REPUBLIKA.CO.ID, JAKARTA -- Polemik soal dimasukkannya lagi pasal penghinaan pada Presiden masih hangat dibahas. Ketua DPP bidang Hukum, HAM dan Perundang-undangan Partai Demokrasi Indonesia Perjuangan (PDIP), Trimedya Pandjaitan mengatakan Rancangan Undang-Undang Kitab Undang-Undang Hukum Pidana (KUHP) ini dimasukkan saat era pemerintahan Presiden Susilo Bambang Yudoyono (SBY).
“Kelihatannya pemerintah Jokowi kemudian itu butuh dimasukkan lagi, sehingga pasal itu masih ada,” kata Trimedya pada wartawan, Rabu (5/8).

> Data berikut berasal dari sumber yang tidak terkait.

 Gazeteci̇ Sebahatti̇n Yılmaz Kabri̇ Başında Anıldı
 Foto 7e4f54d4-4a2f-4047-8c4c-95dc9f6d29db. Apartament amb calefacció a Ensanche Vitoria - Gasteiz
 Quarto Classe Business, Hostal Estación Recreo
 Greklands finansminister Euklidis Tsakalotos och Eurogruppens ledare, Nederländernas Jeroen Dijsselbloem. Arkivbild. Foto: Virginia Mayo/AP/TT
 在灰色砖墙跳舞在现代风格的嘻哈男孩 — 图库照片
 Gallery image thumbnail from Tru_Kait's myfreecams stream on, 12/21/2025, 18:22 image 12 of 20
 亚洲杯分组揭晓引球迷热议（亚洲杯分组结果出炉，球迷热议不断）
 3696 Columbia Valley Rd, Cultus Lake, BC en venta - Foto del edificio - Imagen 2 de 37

Menurut Trimedya, jangan sampai semua pihak berpikiran bahwa pemerintahan Presiden Jokowi menginginkan pasal itu dimasukkan lagi dalam RUU KUHP. Jadi, kalau pasal itu masih ada saat pemerintah era Presiden Jokowi memasukkan draf RUU KUHP, bukan berarti Jokowi ingin pasal itu kembali eksis dalam UU.
“Mereka memasukkan begitu saja, menurut saya seperti itu kejadiannya,” imbuh wakil ketua komisi III DPR RI ini.
Trimedya menambahkan, mengenai pasal penghinaan pada Presiden, memang setiap warga negara harus melindungi harkat dan martabat seorang Presiden. Di pasal lain, soal penghinaan menjadi delik aduan. Jadi presiden harus mengadu jika merasa dihina. Pasal penghinaan yang dibatalkan MK merupakan produk UU sejak zaman Belanda yang fungsinya untuk melindungi raja-raja Belanda.